» Activity
Across the listing, how many lines contain "Blue"? The reply is the number alone.

» Data for review
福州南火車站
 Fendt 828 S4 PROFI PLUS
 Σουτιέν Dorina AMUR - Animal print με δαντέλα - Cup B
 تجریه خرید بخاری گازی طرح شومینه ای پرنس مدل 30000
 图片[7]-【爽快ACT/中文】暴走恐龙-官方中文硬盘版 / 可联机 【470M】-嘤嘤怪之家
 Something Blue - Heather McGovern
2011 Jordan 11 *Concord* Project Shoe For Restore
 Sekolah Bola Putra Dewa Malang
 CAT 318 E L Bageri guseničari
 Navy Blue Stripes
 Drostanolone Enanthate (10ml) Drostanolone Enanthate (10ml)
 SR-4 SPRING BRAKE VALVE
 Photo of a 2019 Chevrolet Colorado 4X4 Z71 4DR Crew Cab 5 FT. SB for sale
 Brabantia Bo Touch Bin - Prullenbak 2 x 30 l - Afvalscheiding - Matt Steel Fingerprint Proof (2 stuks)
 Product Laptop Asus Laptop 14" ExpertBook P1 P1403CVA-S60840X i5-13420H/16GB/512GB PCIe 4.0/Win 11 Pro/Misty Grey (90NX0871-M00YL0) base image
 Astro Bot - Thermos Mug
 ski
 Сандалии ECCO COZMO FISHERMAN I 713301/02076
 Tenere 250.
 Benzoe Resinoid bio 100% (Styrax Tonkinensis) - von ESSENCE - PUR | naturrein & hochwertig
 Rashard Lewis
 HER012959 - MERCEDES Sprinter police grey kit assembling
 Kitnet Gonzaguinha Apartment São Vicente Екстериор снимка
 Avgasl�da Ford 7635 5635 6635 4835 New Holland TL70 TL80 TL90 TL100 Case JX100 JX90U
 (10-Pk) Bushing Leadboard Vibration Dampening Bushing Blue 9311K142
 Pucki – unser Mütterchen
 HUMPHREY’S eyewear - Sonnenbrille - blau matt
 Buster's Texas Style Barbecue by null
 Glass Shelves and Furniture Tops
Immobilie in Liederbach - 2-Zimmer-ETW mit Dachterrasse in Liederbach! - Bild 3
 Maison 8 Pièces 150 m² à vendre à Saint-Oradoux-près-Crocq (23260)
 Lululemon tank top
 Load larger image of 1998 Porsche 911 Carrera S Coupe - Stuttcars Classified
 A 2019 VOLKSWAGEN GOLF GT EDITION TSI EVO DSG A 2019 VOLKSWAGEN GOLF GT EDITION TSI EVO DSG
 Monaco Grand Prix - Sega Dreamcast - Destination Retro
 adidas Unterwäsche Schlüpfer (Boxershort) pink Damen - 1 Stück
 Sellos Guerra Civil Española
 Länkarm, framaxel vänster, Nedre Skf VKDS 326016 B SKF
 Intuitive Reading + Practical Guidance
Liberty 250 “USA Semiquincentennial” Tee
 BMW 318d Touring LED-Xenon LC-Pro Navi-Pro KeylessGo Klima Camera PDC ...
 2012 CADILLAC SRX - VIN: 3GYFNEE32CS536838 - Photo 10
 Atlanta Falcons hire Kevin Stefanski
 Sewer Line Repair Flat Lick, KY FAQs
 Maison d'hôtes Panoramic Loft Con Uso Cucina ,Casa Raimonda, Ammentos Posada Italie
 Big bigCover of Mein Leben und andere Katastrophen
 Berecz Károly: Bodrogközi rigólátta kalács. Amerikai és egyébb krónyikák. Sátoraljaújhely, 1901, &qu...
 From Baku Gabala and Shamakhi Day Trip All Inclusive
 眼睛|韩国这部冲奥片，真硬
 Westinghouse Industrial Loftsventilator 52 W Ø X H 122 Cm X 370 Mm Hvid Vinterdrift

» Result
3